Lo rassicurai dicendogli a bruciapelo: "Lo so. Lei è molto bella e sensuale. E tu non ne hai idea, che sofferenza sia per me far finta di non vedere come la spogliano con gli occhi gli altri. Persino quando siamo in fila alla cassa del supermercato! I mariti in coda, le sbavano dietro, non curanti dei rimbrotti delle relative consorti al fianco. Eh, si... fa perdere la testa a molti. E ti confesso, caro Luciano, che ancor di più la fa perdere a me, che so di cosa è capace a letto. Rilassati... non sono uno stupido. Ti si legge in faccia che ti fa arrapare. E, ti confesso, che ultimamente ho maturato l'idea che sia un vero peccato che sia io soltanto a godere di queste sue capacità e delle sue bellezze nascoste. 

Aveva spalancato la bocca incredulo. Ne approfittai per incalzarlo con la mia manfrina:  "E poi, si! Io sono geloso ma… mi rendo conto che se lei volesse, potrebbe cornificarmi a suo piacimento, senza che io lo venga mai a sapere. Perciò, mi sono fatto capace che se proprio vuole togliersi uno sfizio potrebbe farlo con chi sa apprezzare... e credo che tu sappia apprezzare. "

il suo stupore mi rese ancora più deciso nel volergliela offrire: "Insomma... ti sto dicendo che se lei volesse farmi cornuto, potrebbe farlo in qualunque momento, magari con te, ed  io non potrei fare nulla neanche se lo venissi a sapere. Perciò, se vuoi, accomodati. “

Lui ricominciò a balbettare, farfugliando chissà che cosa a proposito che si, era vero, ci aveva provato molte volte ma senza che lei gli concedesse nulla.

“La convincerò io a lasciarsi andare, non preoccuparti. Ma devi promettermi che mi renderai comunque testimone in qualche modo."

Lui era ormai in mio potere, inebetito e incapace di reagire.

Lo salutai dicendogli, improvvisando di andarmene, che qualora fosse accaduto qualcosa avrebbe dovuto testimoniarmelo, riprendendo l'accaduto con il mio telefono.

Passarono due giorni. Nel frattempo avevo architettato tutto. Si sarebbero visti in macchina con la scusa che la nostra era dal meccanico lui avrebbe avuto l’occasione di riaccompagnarla a casa. Il mio piano era che lei lo avrebbe lasciato fare e gli avrebbe fatto capire che potevano appartarsi in un parcheggio isolato, poco dopo il loro ufficio. Prima di salutare mia moglie, le diedi il mio cellulare, chiedendole di farmi chiamare da Luciano quando sarebbero stati da soli.

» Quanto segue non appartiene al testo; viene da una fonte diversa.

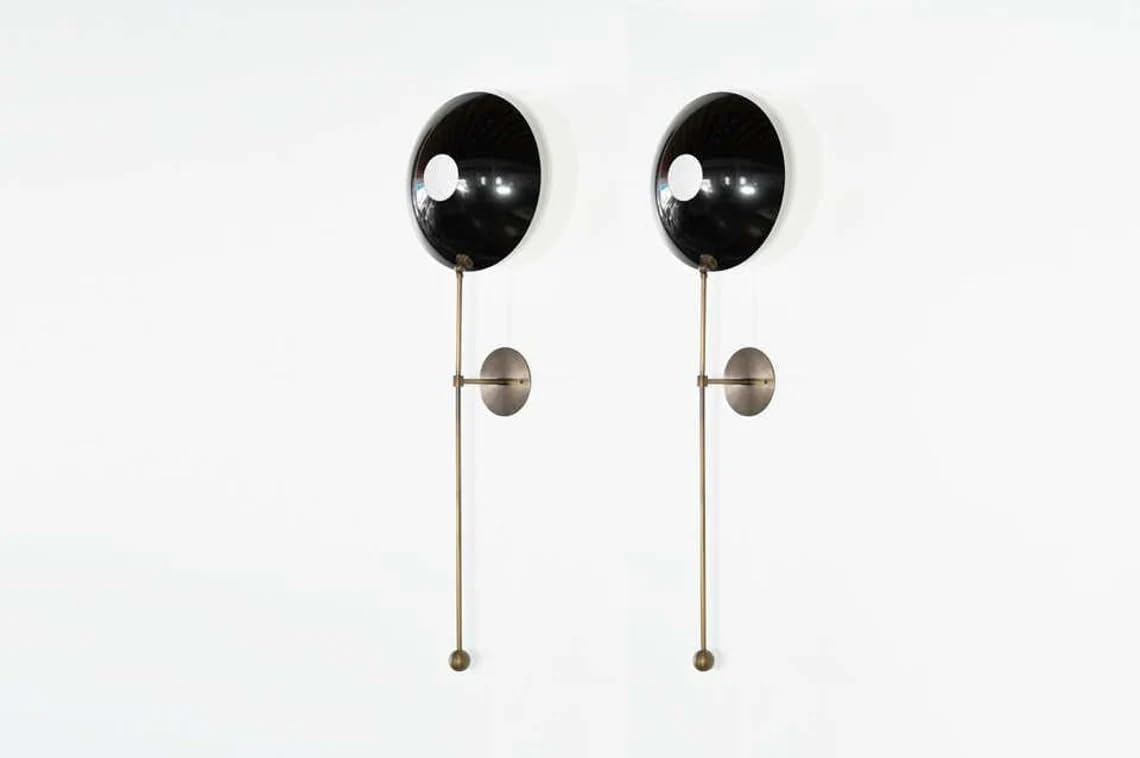 The Nautical Decor Pair of Modern Design PoP Wall Sconce in The Style of Stilnovo Italian Wall Lamp Brass Wall Fixture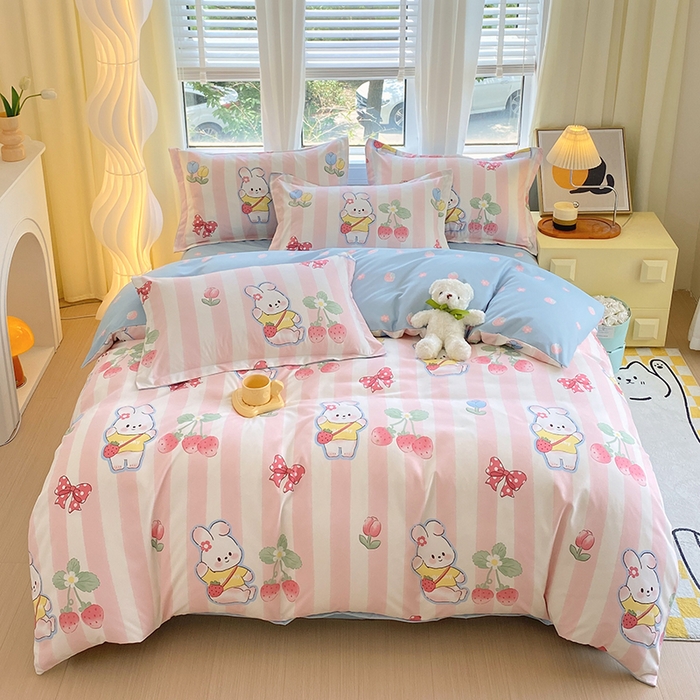 91家纺网 家纺一手货源 找家纺 艾橙家纺 2023新款秋冬新款140g植物羊绒磨毛四件套 爱丽丝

Finito l’orario di lavoro, aspettai con ansia che Elena facesse ritorno. Dall’ufficio a casa nostra, facendo la sosta che avevo previsto, non avevano molto tempo a disposizione. Aspettati e ancora aspettai… e la mia eccitazione cresceva, insieme al mio uccello. Nell’attesa, facevo fatica nel resistere al desiderio di masturbarmi. Dopo mezzora oltre il solito orario, sento fermarsi una macchina vicino casa. Era Elena che tornava. La sento chiudere lo sportello della macchina di Luciano. Conto i suoi passi fin quando non sento  la chiave entrare nella toppa e la porta aprirsi.

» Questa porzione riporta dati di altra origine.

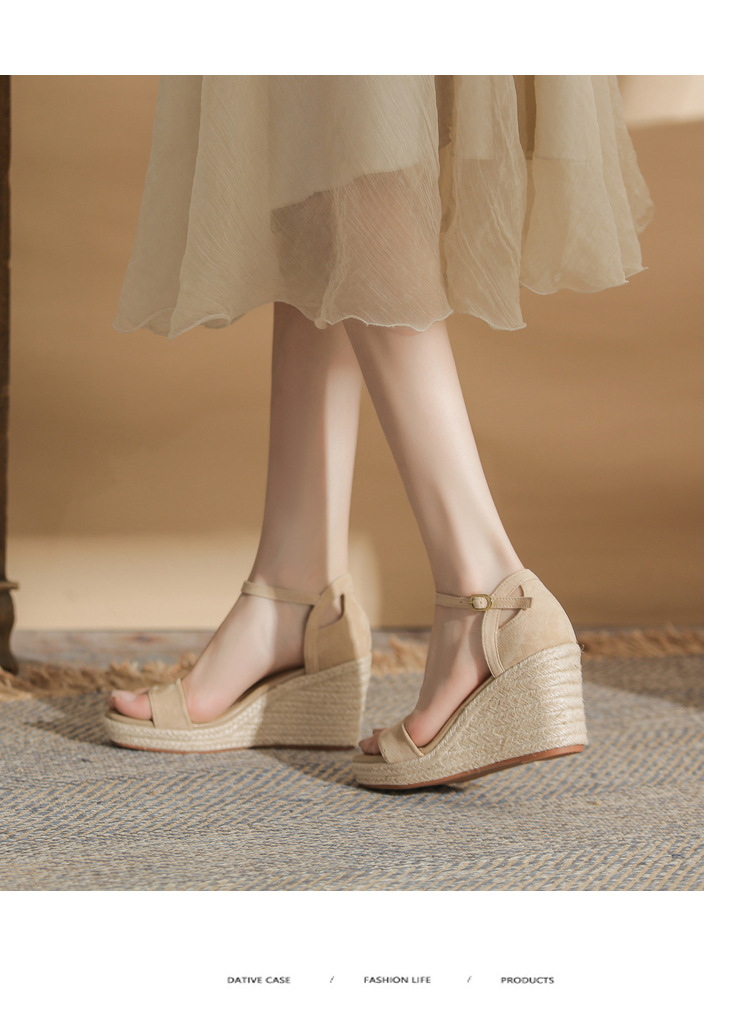 Sandal nữ gót xuồng cao đế dày hở mũi quai đan dây thừng — Xanh lá cây nhạtcolor chi tiết 8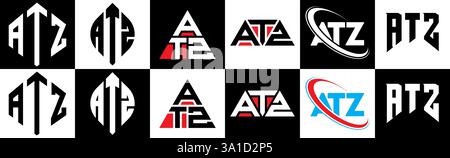 AZ-Letter-Logo im 6-Stil. ATZ Polygon, Kreis, Dreieck, Sechseck, flach und schlicht mit schwarz-weißem Buchstaben-Logo in verschiedenen Farben Stock Vektor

Ero seduto sul divano facendo finta di vedere la tv.
“Come è andata?” Le chiedo
“Bene” risponde lei, sorridendo visibilmente in imbarazzo. “Ecco il tuo cellulare. Io vado a farmi una doccia”

Mi precipitai ad aprire impaziente la cartella dei video. Ce ne erano due.
Due filmati che li riprendevano in momenti che ho stampato nella mia porca memoria

Il primo:
è lui che fa la ripresa. Inquadra Elena, dall’alto, le riconosco la capigliatura e il colore dei capelli. Li sento sorridere. Lui la bacia e poi le prende la mano e se la porta sulla patta. Mia moglie non se lo fa ripetere e gli apre la lampo. Infila la mano nei calzoni, supera le mutande e gli caccia fuori il cazzo. Lo soppesa con la mano e con lo sguardo. Ne apprezza le dimensioni e la consistenza. Emette un mugolio e… poi vedo ben poco. La testa di mia moglie si porta sopra il cazzo e la immagino inghiottirselo. Il filmato si interrompe per riprendersi con un’inquadratura diversa. L’obiettivo è di lato. Inquadra l’asta di Luciano e il profilo di mia moglie. Lei lo fa entrare e uscire dalla sua bocca

Cazzo!

L’ho immaginato un sacco di volte ma vederlo in quel modo... è un’altra cosa.
Lei ha gli occhi chiusi. Si sta evidentemente gustando quel cazzo. il cazzo di un altro. Assaporandone il sapore e aspirandone l’afrore di bestia arrapata.
Se lo fa sparire tutto in gola e gli carezza le palle con la punta della lingua. Poi riprende a fare su e giù con la testa.
Pochi colpi ancora. Lei si ferma. Si intuisce che sta lavorando con lingua. Conosco questo suo giochino. Come avverte che il maschio sta per venire, si ferma e inizia delicatamente a succhiare e a muovere la lingua nei punti più sensibili della cappella.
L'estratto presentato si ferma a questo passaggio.